Help! The production cluster has crashed, and PD cannot elect a leader

Note:
This topic has been translated from a Chinese forum by GPT and might contain errors.

Original topic: 救急!!!,生产集群崩了,pd没办法选举

| username: TiDBer_vC2lhR9G

[TiDB Usage Environment] Production Environment
[TiDB Version] 6.5.0

[Encountered Problem: Phenomenon and Impact]

Accidentally expanded PD using an external IP address. Since the original cluster’s IPs are all internal, this caused PD connectivity issues. After the expansion, the cluster became inaccessible. I tried to shrink the newly expanded node or expand another internal node, but neither worked.

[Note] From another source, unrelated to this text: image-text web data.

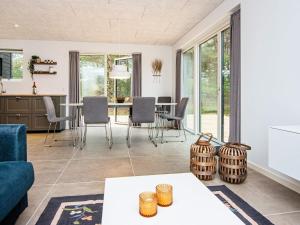 een woonkamer met een tafel en stoelen bij Holiday home Rømø CXXV in Sønderby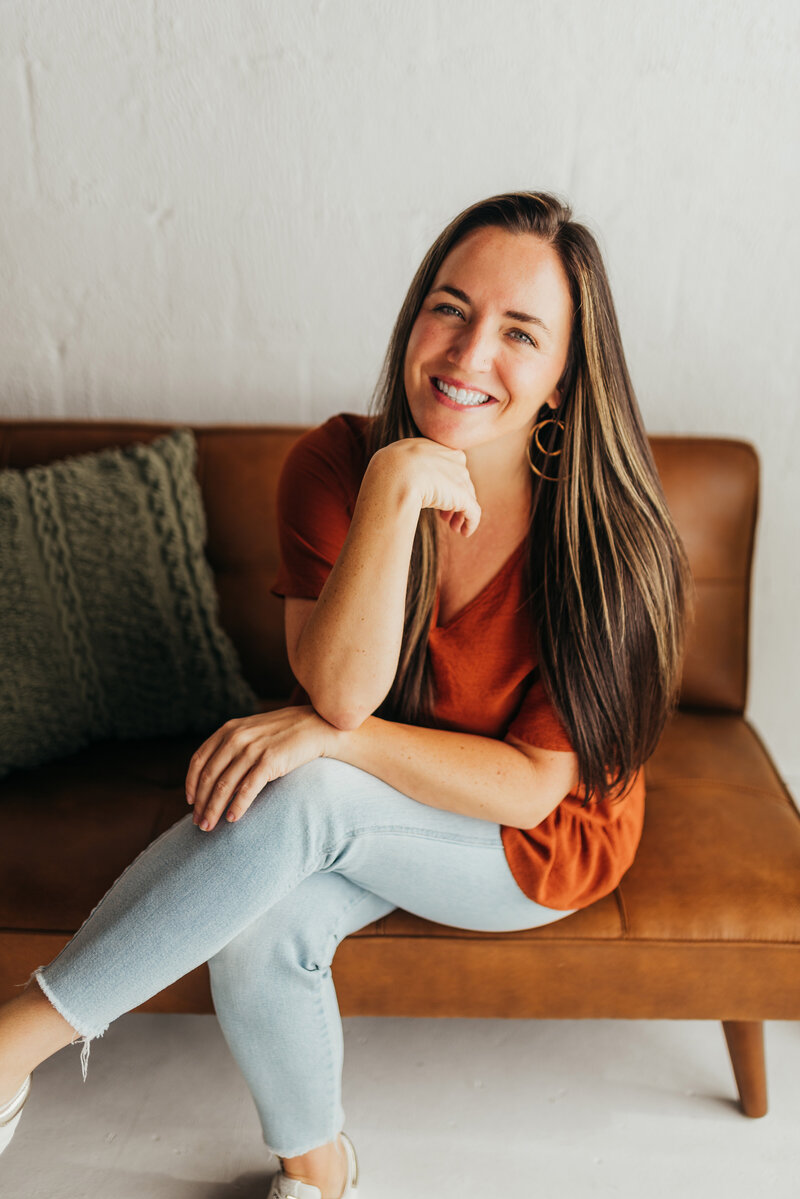 photographer wearing burnt orange top  with long brown hair smiles happily into the camera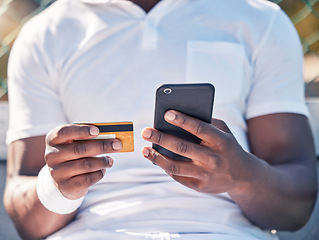 Image showing Black man, hands and phone with credit card for online banking, ecommerce or remote transaction. Hand of shopper using mobile smartphone and card for banking app, digital payment or wireless purchase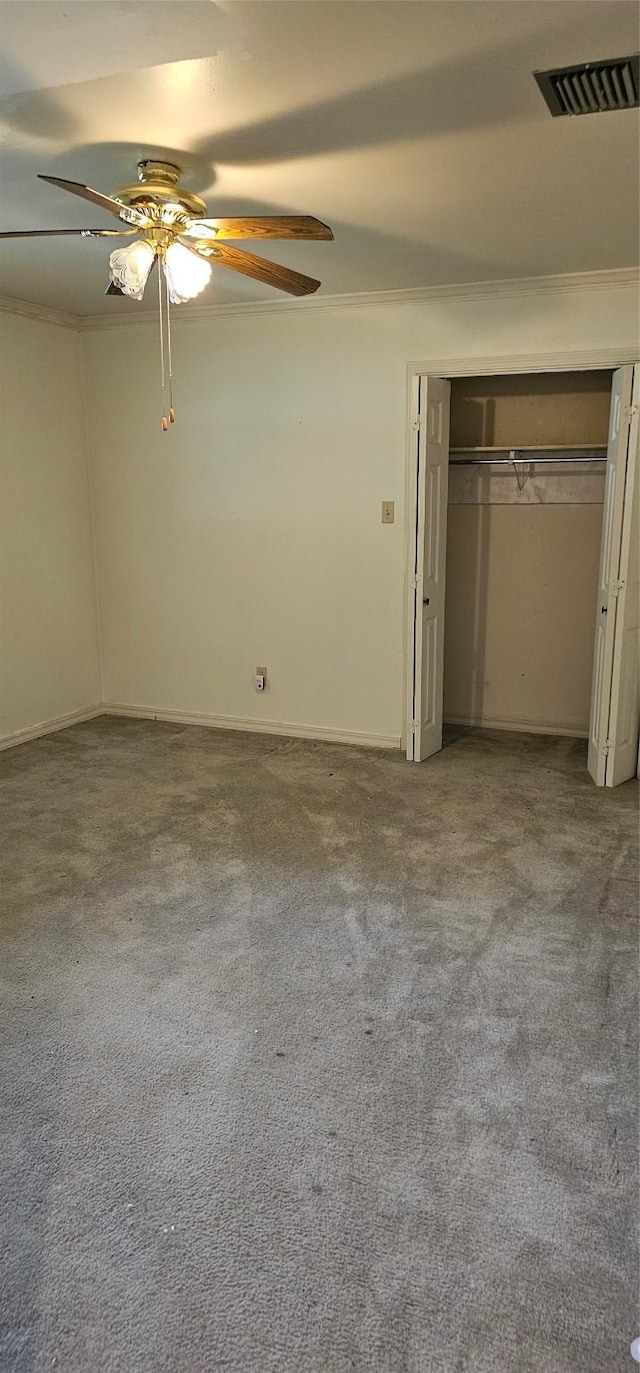 2 Woodfern Ln, Haughton, LA 71037 - unfurnished bedroom featuring carpet floors, a ceiling fan, a closet, and visible vents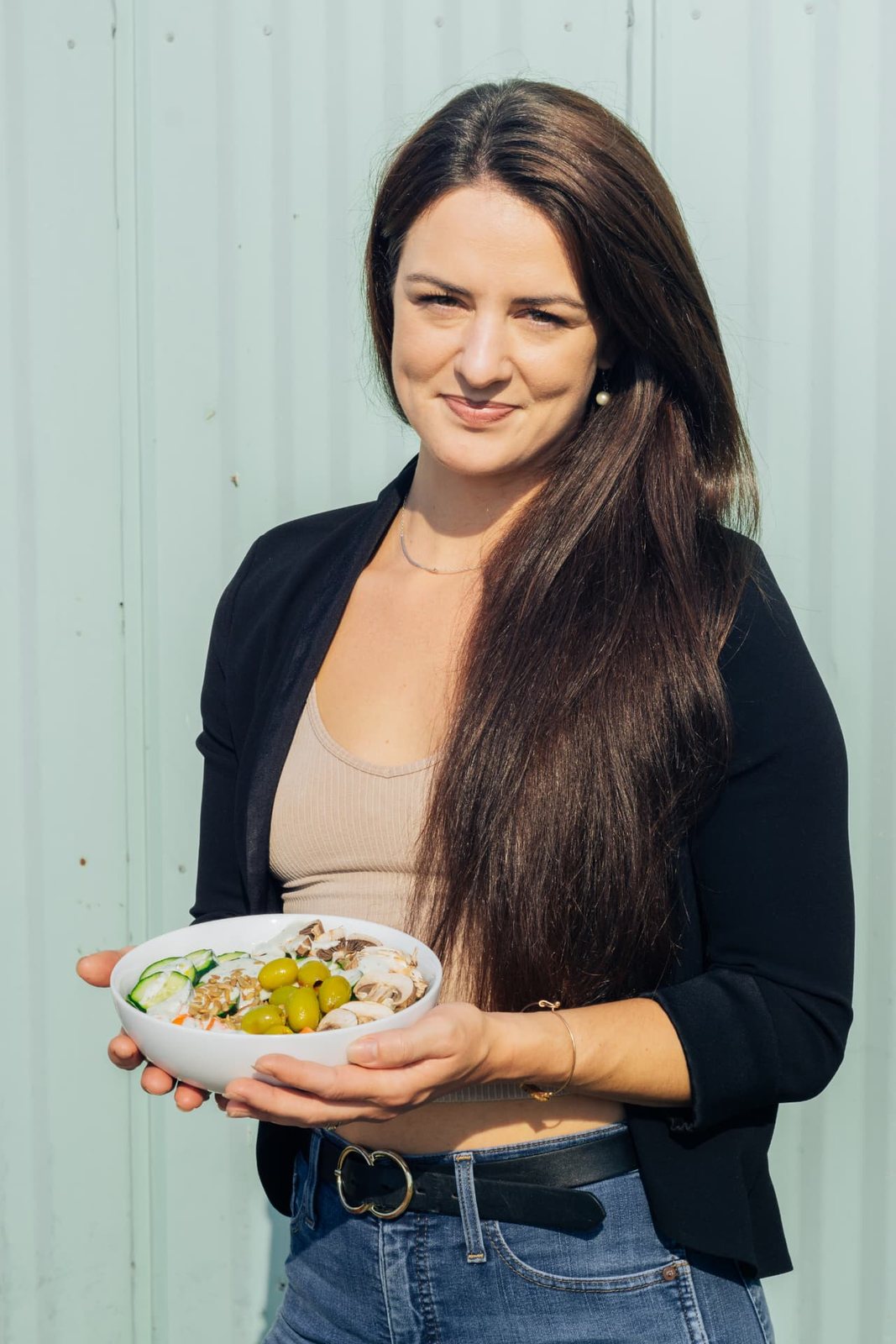 Ceylon Rose holding a bowl of fresh vegetables, smiling at the camera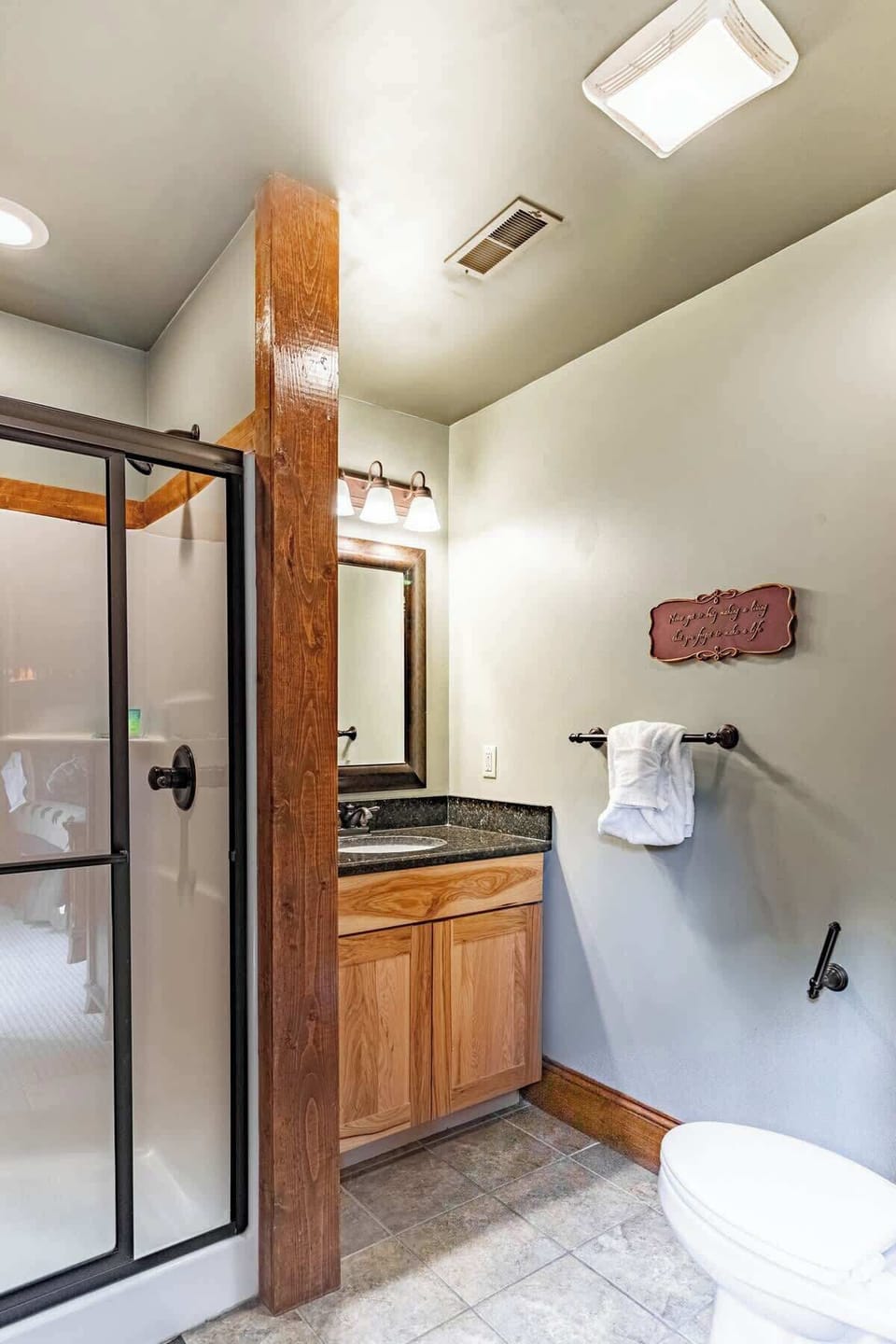 The upstairs bathroom is full - complete with a sink, toilet, and walk-in shower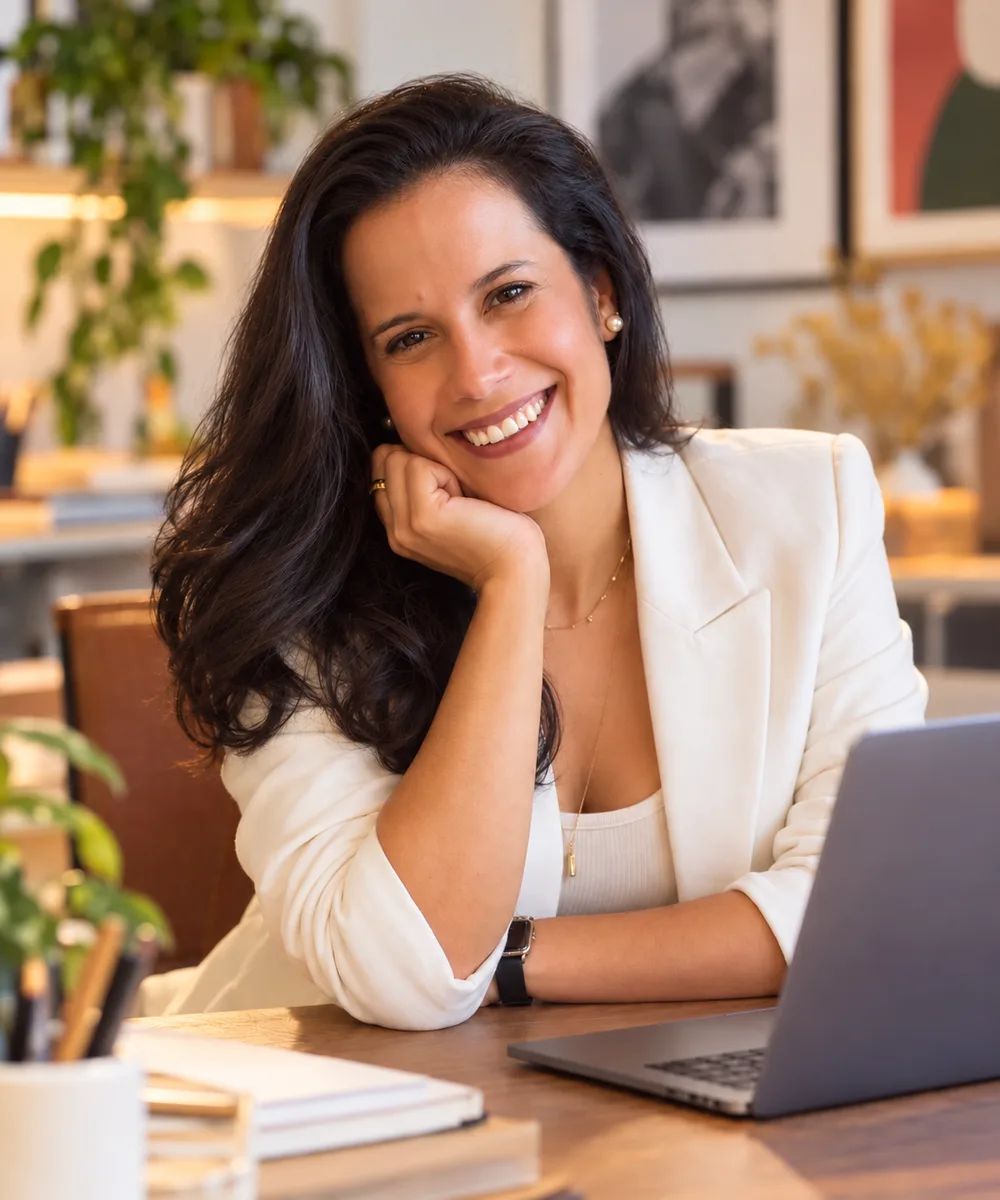 Maria Alice, social media e estrategista digital, sorrindo à mesa de trabalho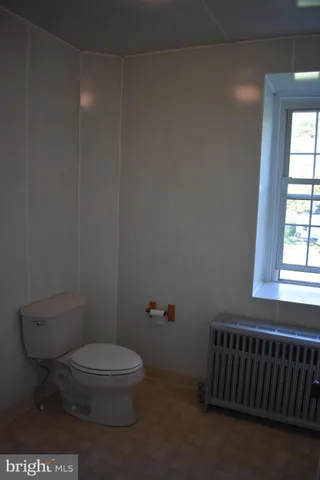 a bathroom with a toilet a sink and a window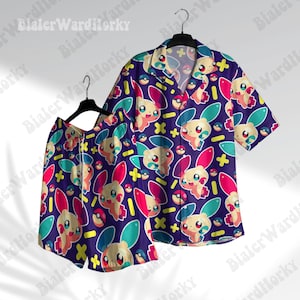 Könnte beinhalten: Ein zweiteiliger Schlafanzug in Lila, bestehend aus einem kurzärmeligen Hemd und Shorts. Das Set ist mit einem sich wiederholenden Muster eines Cartoon-Charakters in Rosa, Blau, Gelb und Weiß bedruckt. Das Hemd hat einen Kragen und Knöpfe, die Shorts einen Kordelzug.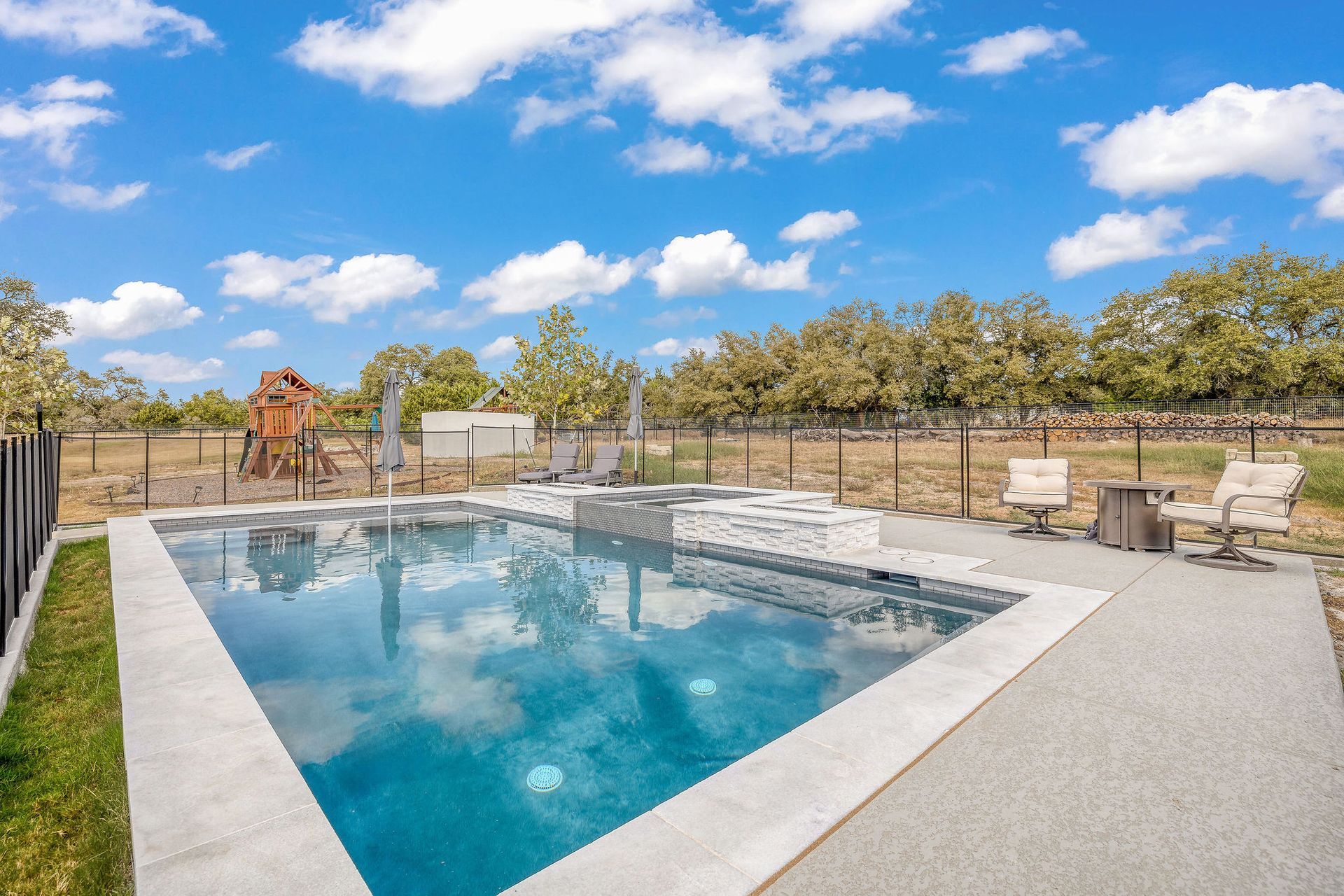 Backyard swimming pool with lounge chairs, patio, and blue sky with clouds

PD keeps trying to connect to this public PD, but this PD has already been taken down.

Attempting to start TiDB results in an error:

Could you please check if there’s a way to recover, or help with remote repair? Compensation is available.

[Resource Configuration]
[Attachments: Screenshots/Logs/Monitoring]

| username: 我是咖啡哥 | Original post link

Did the newly expanded node get deleted? I only see 2 nodes. Have you restarted? 2 nodes cannot elect a leader.

| username: TiDBer_vC2lhR9G | Original post link

Tried scaling up, scaling down, and restarting; the configurations might be messed up.

| username: xfworld | Original post link

  1. First, use tiup to decommission the node instances in the external network environment directly.

  2. Then, use tiup to start the internal cluster and observe any errors.

  3. Based on the error logs, troubleshoot the issues step by step and resolve them one by one.

| username: Kongdom | Original post link

You can refer to this to handle it, change the external IP to the internal IP

| username: TiDBer_vC2lhR9G | Original post link

I changed the original file name, and an error occurred when executing tiup cluster reload main_tidb -R pd --force.

| username: Kongdom | Original post link

Is the error due to network connectivity issues?

| username: 考试没答案 | Original post link

The -R is a role parameter. It means starting all roles. It may cause the entire cluster to crash. Please use parameters like -N to restart each node one by one in the future.

| username: system | Original post link

This topic was automatically closed 60 days after the last reply. New replies are no longer allowed.